● **Data**:
= = = = =

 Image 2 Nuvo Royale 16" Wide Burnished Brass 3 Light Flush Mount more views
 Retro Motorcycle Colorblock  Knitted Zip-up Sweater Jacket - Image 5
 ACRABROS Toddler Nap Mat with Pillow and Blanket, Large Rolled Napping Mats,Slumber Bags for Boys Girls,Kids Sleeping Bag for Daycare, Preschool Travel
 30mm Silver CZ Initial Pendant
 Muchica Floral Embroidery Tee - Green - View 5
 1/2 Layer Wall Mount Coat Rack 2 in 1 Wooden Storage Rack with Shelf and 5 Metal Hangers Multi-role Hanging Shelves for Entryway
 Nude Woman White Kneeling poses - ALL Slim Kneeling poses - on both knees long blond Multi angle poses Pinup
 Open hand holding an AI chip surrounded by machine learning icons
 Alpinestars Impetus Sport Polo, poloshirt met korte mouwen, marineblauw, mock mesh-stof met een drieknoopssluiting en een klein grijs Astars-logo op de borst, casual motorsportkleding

= = = = =

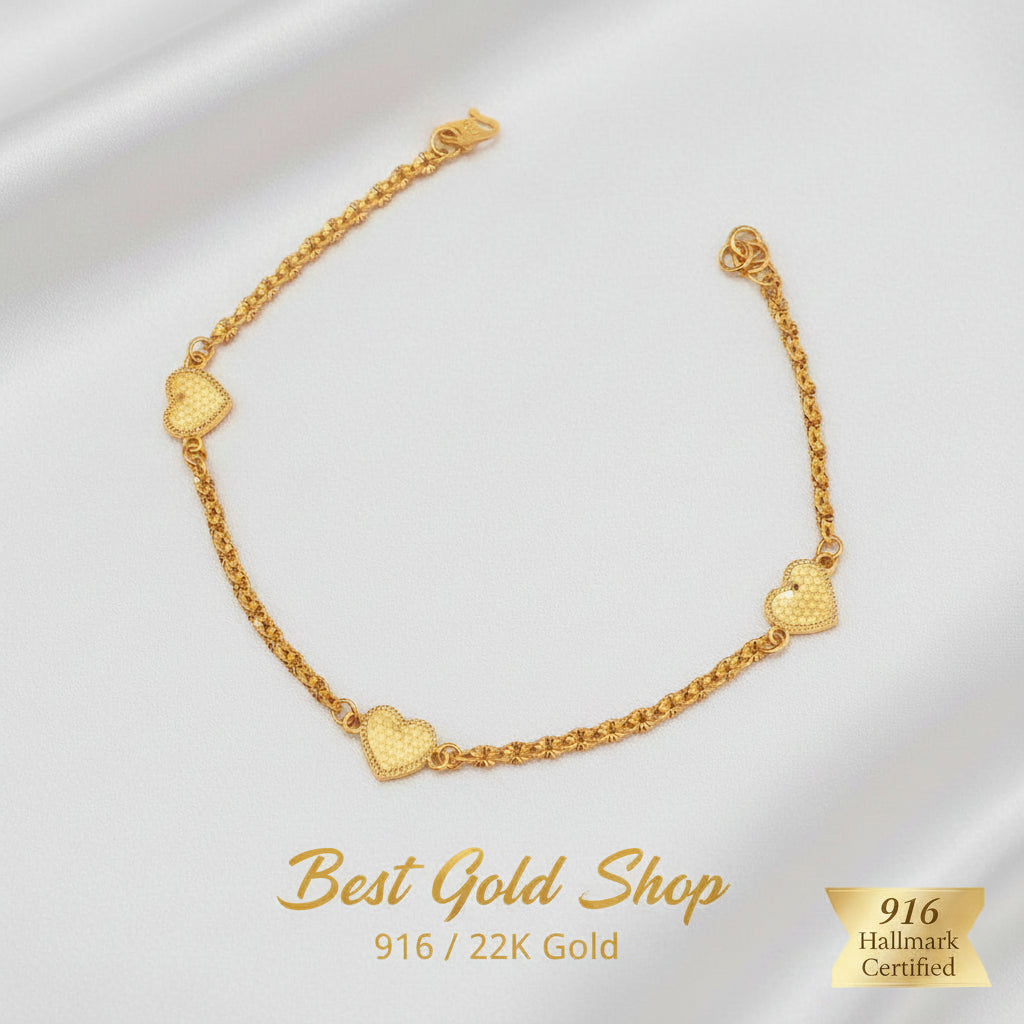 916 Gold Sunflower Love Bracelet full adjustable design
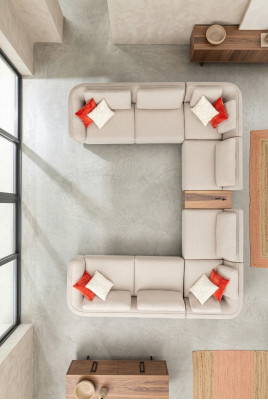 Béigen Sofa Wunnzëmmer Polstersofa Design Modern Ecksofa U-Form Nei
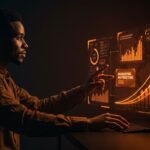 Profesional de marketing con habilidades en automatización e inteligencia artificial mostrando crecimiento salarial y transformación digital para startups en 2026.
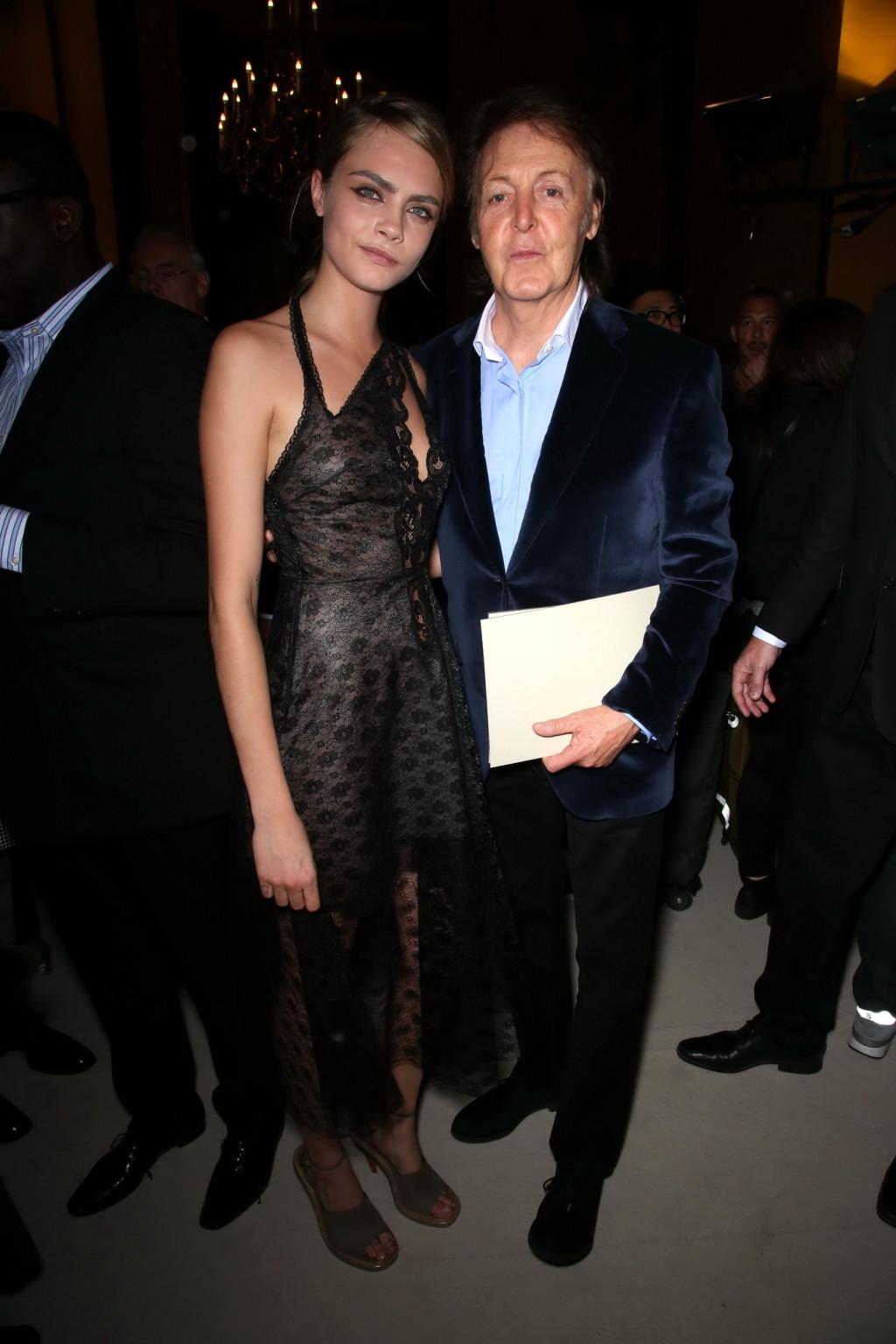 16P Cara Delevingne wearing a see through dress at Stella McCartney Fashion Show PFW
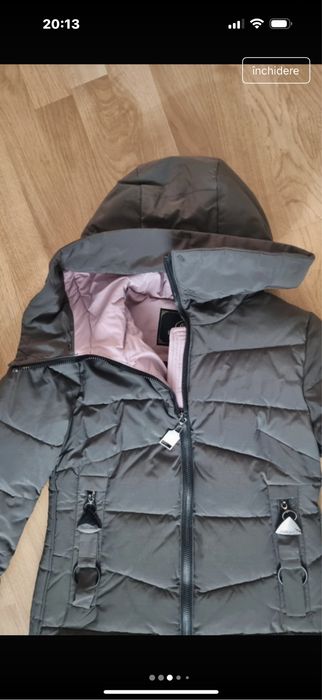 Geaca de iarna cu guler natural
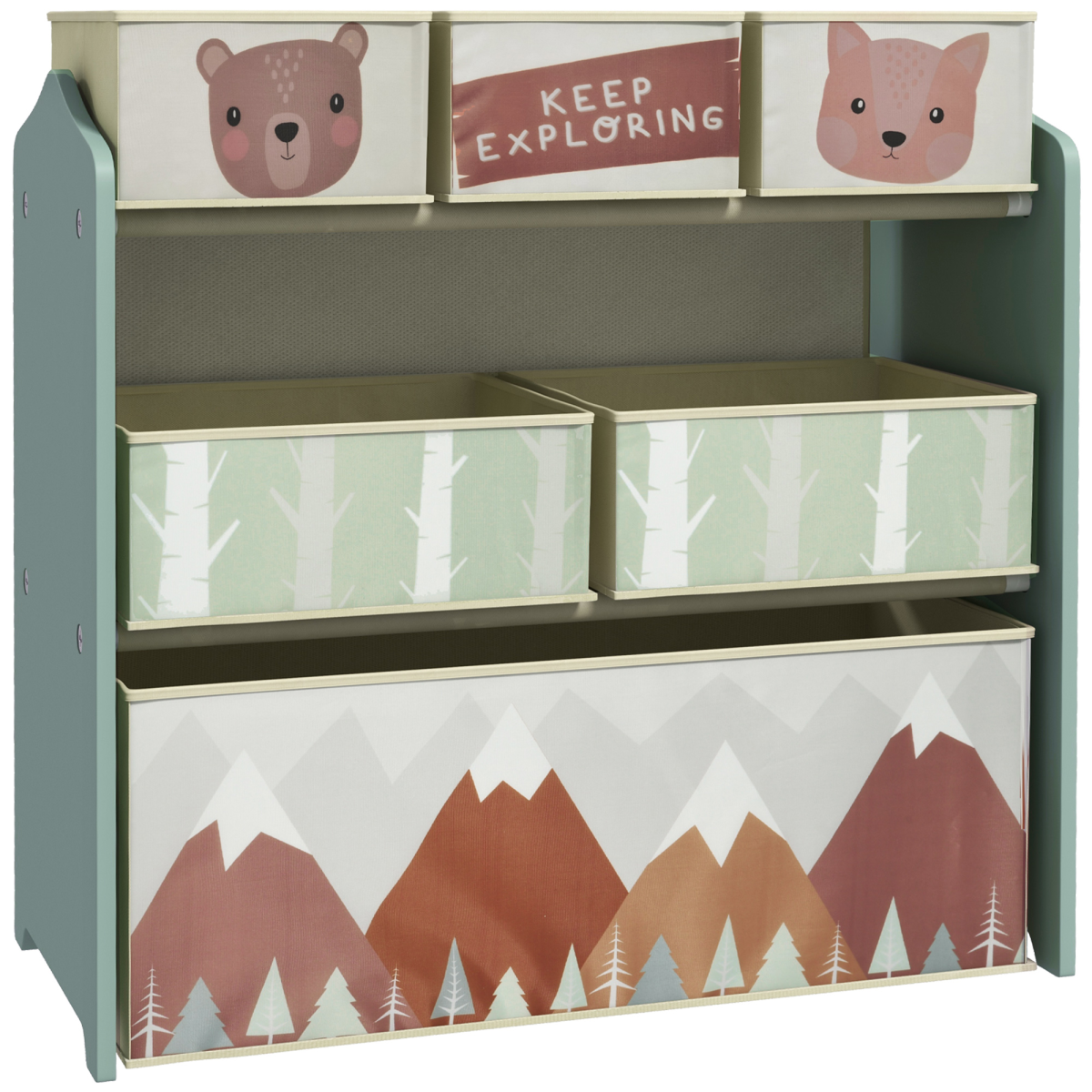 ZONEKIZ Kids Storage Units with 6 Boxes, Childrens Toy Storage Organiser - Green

= = = = =

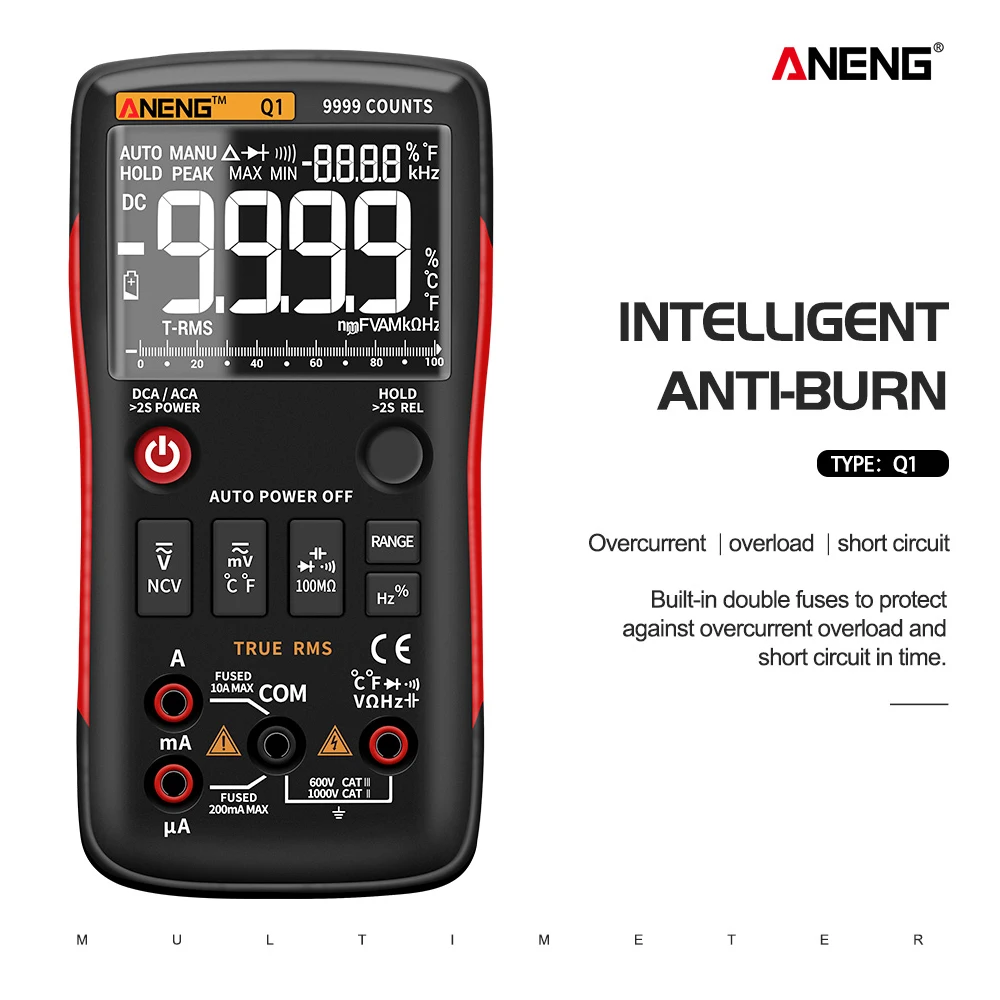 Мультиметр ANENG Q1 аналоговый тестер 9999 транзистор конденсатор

= = = = =

● **Work to complete**:
Reproduce verbatim the lines above, from the line with "Muchica Floral Embroidery" through the line with "Alpinestars Impetus Sport".

● **Answer section**:
 Muchica Floral Embroidery Tee - Green - View 5
 1/2 Layer Wall Mount Coat Rack 2 in 1 Wooden Storage Rack with Shelf and 5 Metal Hangers Multi-role Hanging Shelves for Entryway
 Nude Woman White Kneeling poses - ALL Slim Kneeling poses - on both knees long blond Multi angle poses Pinup
 Open hand holding an AI chip surrounded by machine learning icons
 Alpinestars Impetus Sport Polo, poloshirt met korte mouwen, marineblauw, mock mesh-stof met een drieknoopssluiting en een klein grijs Astars-logo op de borst, casual motorsportkleding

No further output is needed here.